*** The data Section Begins ***

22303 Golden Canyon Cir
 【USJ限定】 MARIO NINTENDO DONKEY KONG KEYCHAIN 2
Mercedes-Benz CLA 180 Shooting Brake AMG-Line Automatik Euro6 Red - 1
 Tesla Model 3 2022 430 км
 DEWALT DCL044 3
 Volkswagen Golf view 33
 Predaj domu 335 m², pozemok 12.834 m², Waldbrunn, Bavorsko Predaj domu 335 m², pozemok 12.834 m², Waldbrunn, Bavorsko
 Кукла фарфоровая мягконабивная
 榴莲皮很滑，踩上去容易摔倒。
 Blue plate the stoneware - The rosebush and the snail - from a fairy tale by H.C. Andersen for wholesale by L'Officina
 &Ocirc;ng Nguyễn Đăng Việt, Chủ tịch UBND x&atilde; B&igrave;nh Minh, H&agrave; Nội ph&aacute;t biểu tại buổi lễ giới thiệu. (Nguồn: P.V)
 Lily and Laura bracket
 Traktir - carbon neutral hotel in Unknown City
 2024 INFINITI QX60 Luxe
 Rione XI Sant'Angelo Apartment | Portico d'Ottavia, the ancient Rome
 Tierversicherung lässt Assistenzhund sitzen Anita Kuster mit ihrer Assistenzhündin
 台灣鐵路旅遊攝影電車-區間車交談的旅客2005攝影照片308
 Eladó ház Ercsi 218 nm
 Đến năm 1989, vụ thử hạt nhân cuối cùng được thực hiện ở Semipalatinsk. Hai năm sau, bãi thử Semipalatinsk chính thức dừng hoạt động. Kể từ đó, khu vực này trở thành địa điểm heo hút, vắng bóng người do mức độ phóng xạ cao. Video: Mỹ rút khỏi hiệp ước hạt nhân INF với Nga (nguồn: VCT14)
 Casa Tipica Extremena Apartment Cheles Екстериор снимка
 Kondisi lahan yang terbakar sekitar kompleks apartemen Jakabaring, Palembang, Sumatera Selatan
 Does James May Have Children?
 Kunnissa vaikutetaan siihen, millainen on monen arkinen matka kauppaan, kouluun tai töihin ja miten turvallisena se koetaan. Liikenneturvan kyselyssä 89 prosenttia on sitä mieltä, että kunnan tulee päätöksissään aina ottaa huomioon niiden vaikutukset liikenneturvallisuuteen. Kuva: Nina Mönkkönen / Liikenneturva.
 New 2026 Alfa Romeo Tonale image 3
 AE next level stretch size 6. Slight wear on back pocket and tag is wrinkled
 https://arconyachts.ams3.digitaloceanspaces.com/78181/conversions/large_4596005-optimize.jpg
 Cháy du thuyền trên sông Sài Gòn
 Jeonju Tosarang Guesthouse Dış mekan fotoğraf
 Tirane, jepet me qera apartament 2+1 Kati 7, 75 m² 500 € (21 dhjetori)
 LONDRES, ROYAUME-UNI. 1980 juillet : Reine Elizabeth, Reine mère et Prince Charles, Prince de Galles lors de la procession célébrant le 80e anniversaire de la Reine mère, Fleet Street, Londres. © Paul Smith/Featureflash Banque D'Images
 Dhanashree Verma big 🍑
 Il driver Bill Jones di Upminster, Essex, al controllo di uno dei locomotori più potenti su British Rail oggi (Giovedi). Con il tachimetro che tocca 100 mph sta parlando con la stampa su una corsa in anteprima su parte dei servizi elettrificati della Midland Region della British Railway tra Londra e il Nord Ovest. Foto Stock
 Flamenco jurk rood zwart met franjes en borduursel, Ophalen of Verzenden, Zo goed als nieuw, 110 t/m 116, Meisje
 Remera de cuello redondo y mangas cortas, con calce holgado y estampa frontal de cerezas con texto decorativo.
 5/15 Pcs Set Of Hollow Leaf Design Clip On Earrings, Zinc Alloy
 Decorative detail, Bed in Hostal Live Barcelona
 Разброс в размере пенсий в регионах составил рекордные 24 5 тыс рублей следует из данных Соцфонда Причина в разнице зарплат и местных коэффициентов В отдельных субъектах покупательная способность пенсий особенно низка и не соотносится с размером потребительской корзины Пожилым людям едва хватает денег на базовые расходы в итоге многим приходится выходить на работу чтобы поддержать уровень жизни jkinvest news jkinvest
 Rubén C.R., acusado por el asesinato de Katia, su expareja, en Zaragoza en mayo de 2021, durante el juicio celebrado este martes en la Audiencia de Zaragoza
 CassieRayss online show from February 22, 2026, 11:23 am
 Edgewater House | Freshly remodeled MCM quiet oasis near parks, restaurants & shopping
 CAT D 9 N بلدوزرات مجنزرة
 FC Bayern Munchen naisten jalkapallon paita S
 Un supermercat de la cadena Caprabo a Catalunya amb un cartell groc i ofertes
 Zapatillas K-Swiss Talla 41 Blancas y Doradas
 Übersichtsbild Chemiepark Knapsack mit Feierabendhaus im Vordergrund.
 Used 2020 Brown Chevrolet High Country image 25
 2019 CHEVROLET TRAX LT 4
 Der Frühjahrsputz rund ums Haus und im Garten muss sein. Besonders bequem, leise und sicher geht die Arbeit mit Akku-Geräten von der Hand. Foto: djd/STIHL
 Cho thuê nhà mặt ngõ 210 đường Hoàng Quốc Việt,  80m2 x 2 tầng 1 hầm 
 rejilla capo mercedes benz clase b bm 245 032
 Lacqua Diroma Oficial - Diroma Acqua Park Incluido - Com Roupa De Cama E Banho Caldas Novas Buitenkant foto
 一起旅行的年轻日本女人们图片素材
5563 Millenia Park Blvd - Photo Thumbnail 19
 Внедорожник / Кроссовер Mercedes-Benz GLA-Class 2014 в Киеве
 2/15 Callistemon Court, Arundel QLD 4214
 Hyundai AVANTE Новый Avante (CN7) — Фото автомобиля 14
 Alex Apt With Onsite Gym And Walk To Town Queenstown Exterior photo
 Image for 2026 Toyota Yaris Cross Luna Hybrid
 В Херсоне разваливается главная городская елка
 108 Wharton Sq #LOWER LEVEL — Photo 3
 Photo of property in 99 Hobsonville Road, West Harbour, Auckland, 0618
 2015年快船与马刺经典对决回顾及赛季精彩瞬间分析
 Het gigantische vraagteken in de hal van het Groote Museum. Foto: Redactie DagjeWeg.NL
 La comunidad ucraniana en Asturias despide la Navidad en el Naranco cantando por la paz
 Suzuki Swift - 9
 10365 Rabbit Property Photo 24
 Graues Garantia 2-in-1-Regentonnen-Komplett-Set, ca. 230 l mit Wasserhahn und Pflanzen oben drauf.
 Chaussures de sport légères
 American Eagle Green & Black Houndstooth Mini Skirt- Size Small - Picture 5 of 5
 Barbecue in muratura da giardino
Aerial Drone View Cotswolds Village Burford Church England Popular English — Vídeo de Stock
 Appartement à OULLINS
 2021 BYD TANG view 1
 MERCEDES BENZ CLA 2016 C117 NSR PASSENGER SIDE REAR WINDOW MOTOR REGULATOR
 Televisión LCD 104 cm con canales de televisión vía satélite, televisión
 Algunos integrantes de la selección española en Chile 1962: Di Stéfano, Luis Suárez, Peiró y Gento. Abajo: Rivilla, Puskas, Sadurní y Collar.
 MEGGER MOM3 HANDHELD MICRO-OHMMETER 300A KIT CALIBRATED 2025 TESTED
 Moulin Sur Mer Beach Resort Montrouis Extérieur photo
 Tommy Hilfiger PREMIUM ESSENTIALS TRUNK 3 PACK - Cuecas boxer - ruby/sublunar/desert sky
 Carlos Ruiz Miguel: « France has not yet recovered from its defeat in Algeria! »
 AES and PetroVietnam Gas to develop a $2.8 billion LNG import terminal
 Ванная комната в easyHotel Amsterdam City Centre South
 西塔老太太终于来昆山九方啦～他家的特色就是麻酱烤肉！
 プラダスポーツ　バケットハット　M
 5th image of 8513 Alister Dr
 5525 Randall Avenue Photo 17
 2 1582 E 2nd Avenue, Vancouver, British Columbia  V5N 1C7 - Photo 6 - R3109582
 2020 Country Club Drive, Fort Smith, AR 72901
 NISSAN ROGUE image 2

*** The data Section Ends ***

Exercise description:
Exactly the lines from the one containing "2020 Country Club" through the last line of the records are to be transcribed, both endpoints included.

Task answer:
 2020 Country Club Drive, Fort Smith, AR 72901
 NISSAN ROGUE image 2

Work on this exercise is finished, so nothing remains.